Phosphorylation of human progesterone receptors at serine-294 by mitogen-activated protein kinase signals their degradation by the 26S proteasome

Abstract

Ligand-dependent down-regulation that leads to rapid and extensive loss of protein is characteristic of several nuclear steroid receptors, including human progesterone receptors (PRs). In breast cancer cells, >95% of PRs are degraded 6 h after the start of progestin treatment. The mechanism for down-regulation is unknown. We examined the role of PR phosphorylation by mitogen-activated protein kinases (MAPKs) in this process. Lactacystin and calpain inhibitor I, specific inhibitors of the 26S proteasome, blocked progestin-induced down-regulation, and ubiquitinated conjugates of PR accumulated in cells. Ligand-dependent PR degradation was also blocked by specific inhibition of p42 and p44 MAPKs. To define the targets of phosphorylation by this kinase, two serine/proline MAPK consensus sites on PR were mutated.

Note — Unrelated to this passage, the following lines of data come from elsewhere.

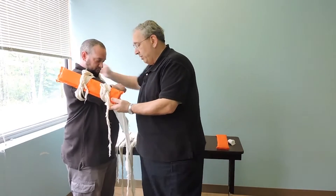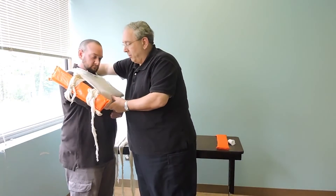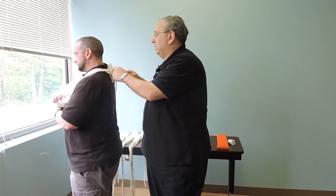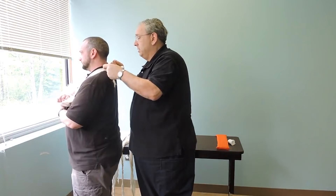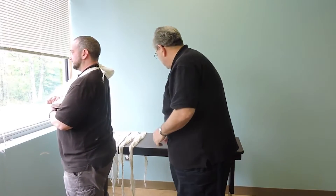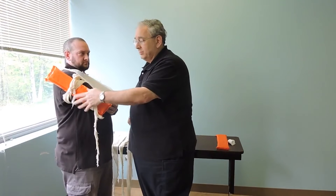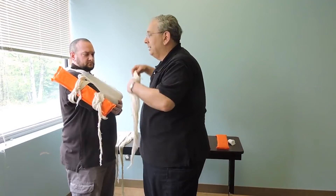I want to come in, grab the elbow with that knot in the cravat, come up over the shoulder, pad the knot, put that surgeon's knot in again, double tie it. Then I'm going to do a swath — across. It's okay if it comes across here because it's on the board; it's not actually on the injury.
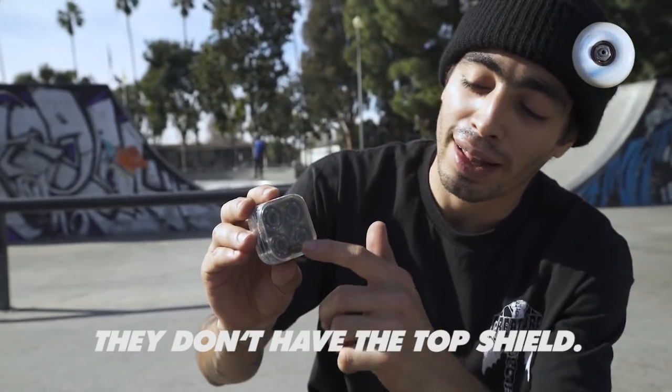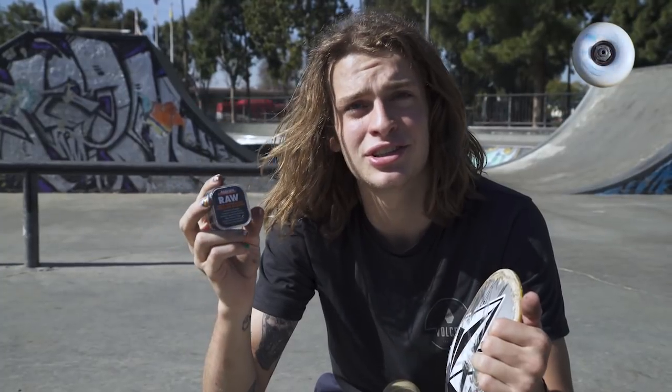The shield-free design is pretty sick — you don't have to pop the shields off. They don't have the top plate. I've always ridden my bearings with the shields off, and I'm sure a lot of other people do too. Usually I take the shields out, but I just put these in.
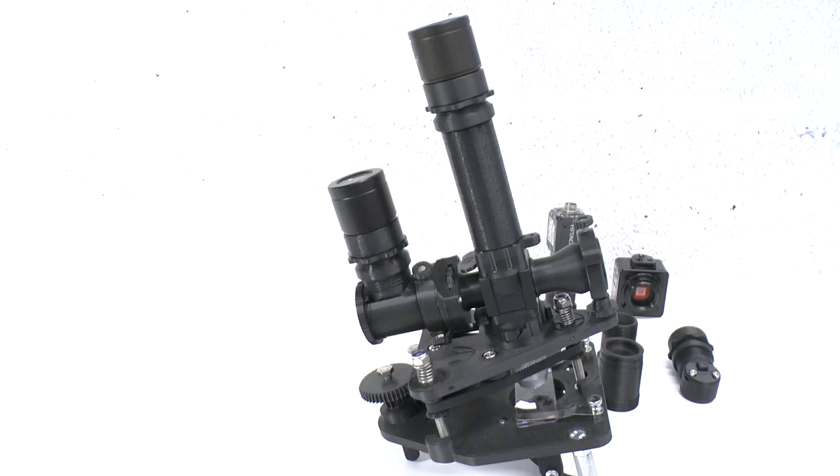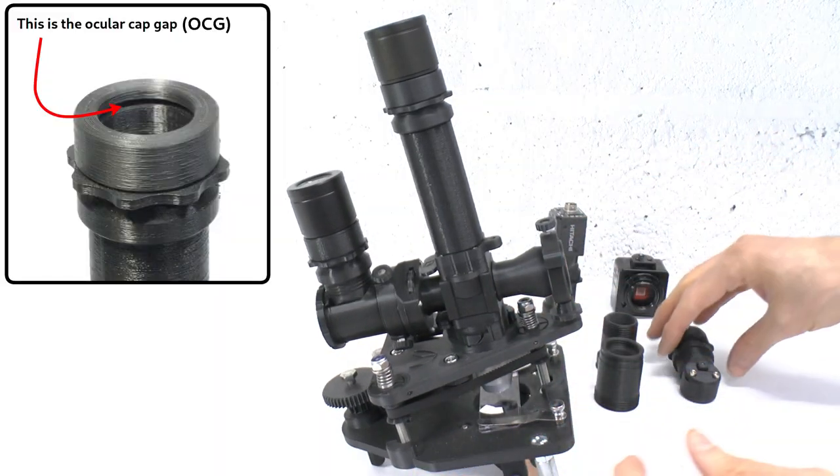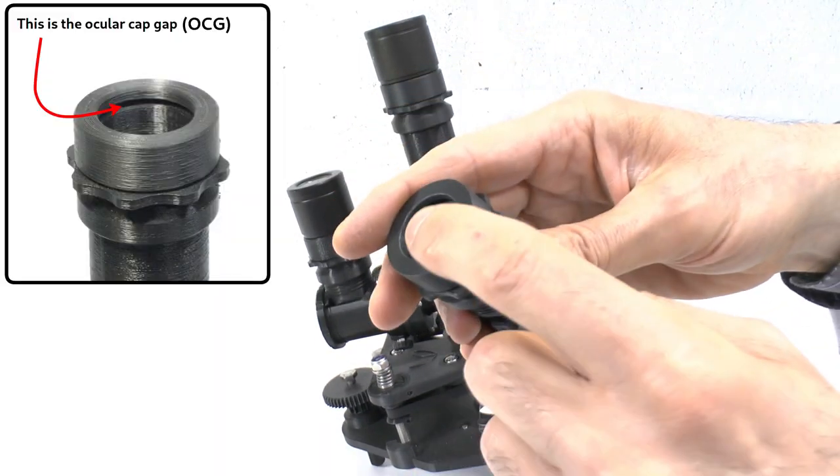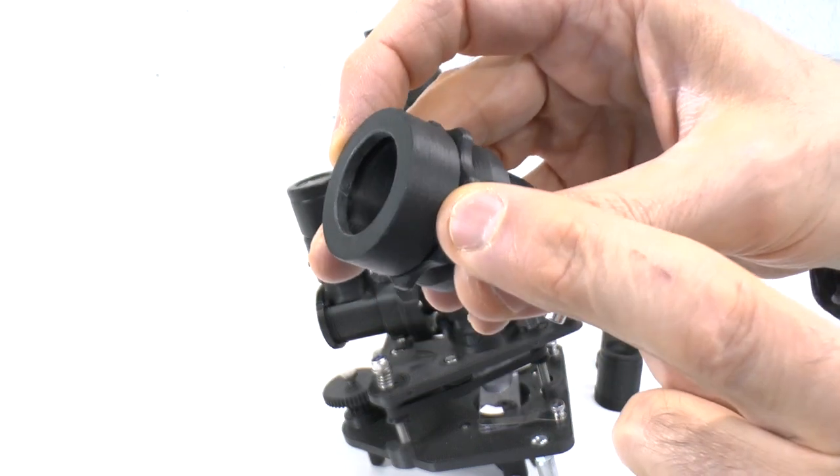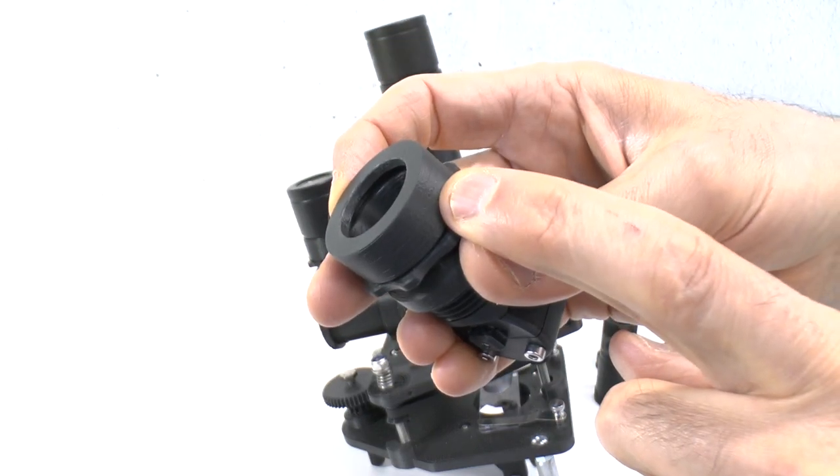In that case you need to reduce the ocular cap gap or OCG by about a quarter of a millimeter to compensate for the reduced light path caused by removing the polarizing filter.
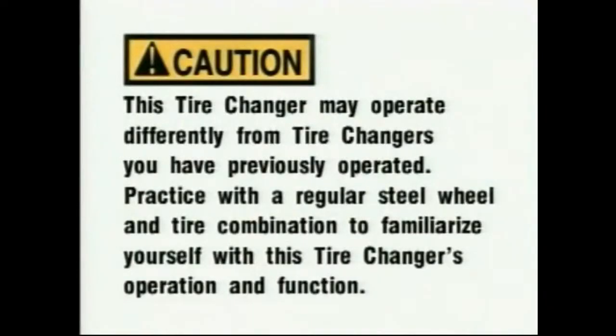Caution: This tire changer may operate differently from tire changers you have previously operated. Practice with a regular steel wheel and tire combination to familiarize yourself with this tire changer's operation and function.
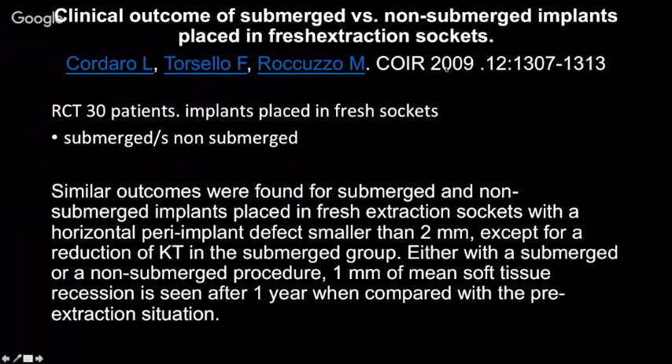A clinical study published in 2009 on submerged versus non-submerged implants in fresh extraction sockets showed comparable outcomes either way, though there was a reduction of keratinized tissue in the submerged group. We could not observe this clinically in our series — we may have slightly less gingiva, but it is sufficient to sustain function over time.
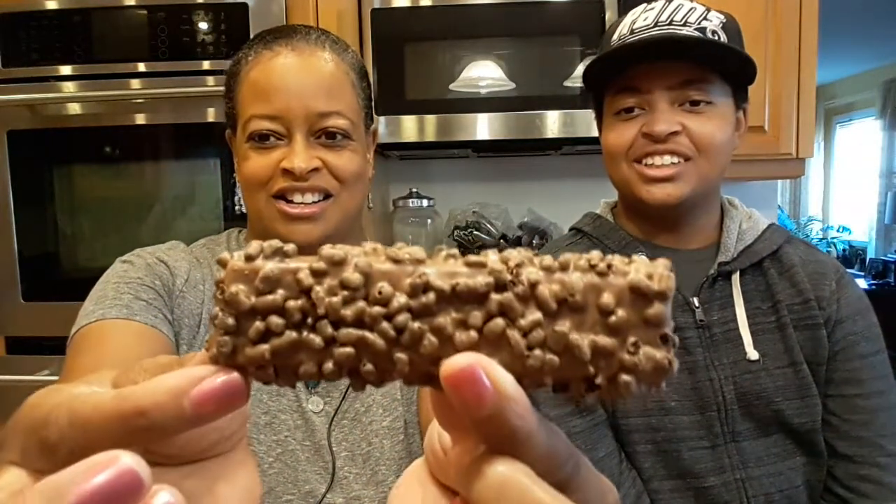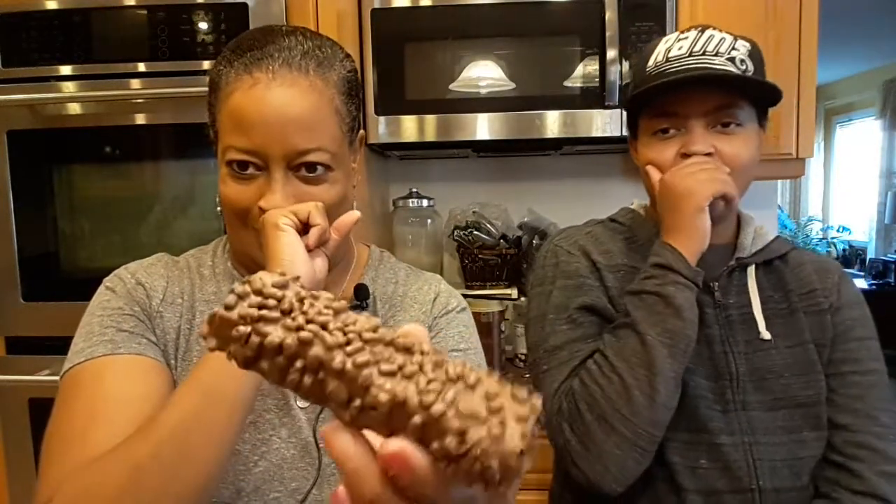We're going to go ahead and try this. Tank's reaction: 'I think it's going to be nasty — look at it. It looks like it has rice krispies or something all over it, like a bug infestation.' The way this thing looks is making me want to itch.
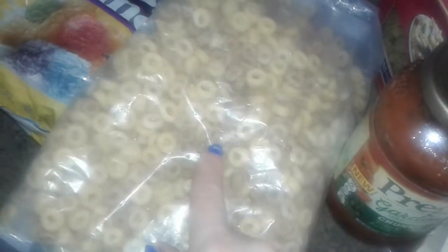Got a bag of multi-grain Cheerios right here — I took them out of the box because I put them in containers. And I also got this whole bag of berry crunch cereal.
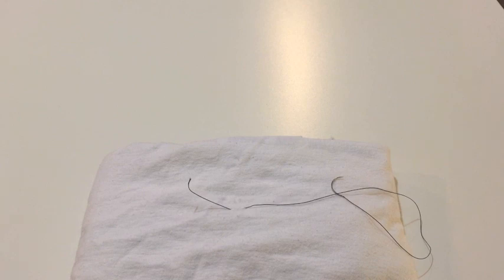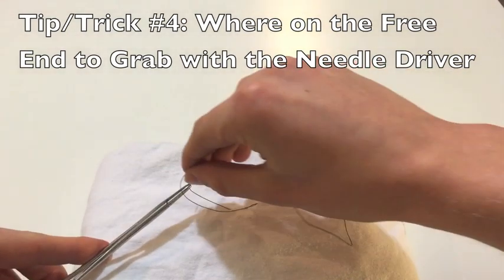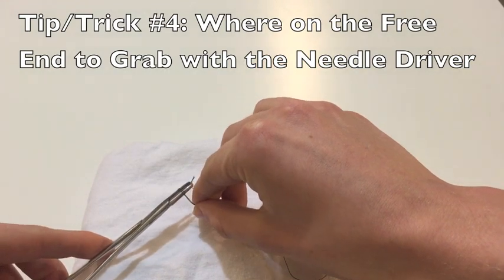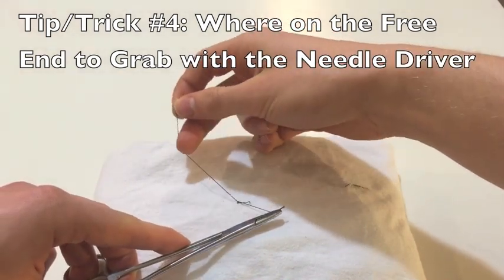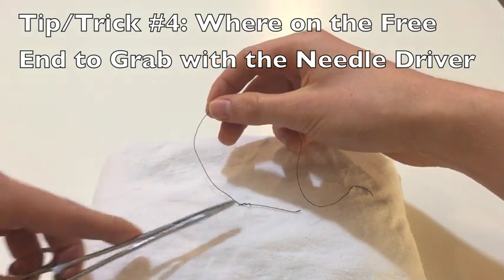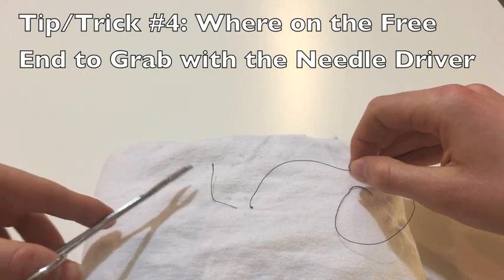My fourth tip is going to be where on the free end to grab with the needle driver after wrapping your suture. Using the same tips from the last trick — here I'm going to make sure that I grab at the end of that free end. That way, when I pass my knot down, you can see that everything is laid down very nicely. I'll show you what happens if you grab in the middle or at the base of the free end and how it just doesn't lay down as well.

We demonstrate that mutation of PR serine-294 to alanine (S294A) specifically and completely prevents ligand-dependent receptor down-regulation. We also find that rapid, ligand-independent degradation of immature PR intermediates occurs by a proteasome-mediated pathway. These results demonstrate that PR destruction, by either of two alternate routes, is mediated by the 26S proteasome. Specifically, down-regulation of mature PRs occurs by a mechanism in which ligand binding activates PR phosphorylation by MAPKs at a unique serine residue, which then targets the receptors for degradation.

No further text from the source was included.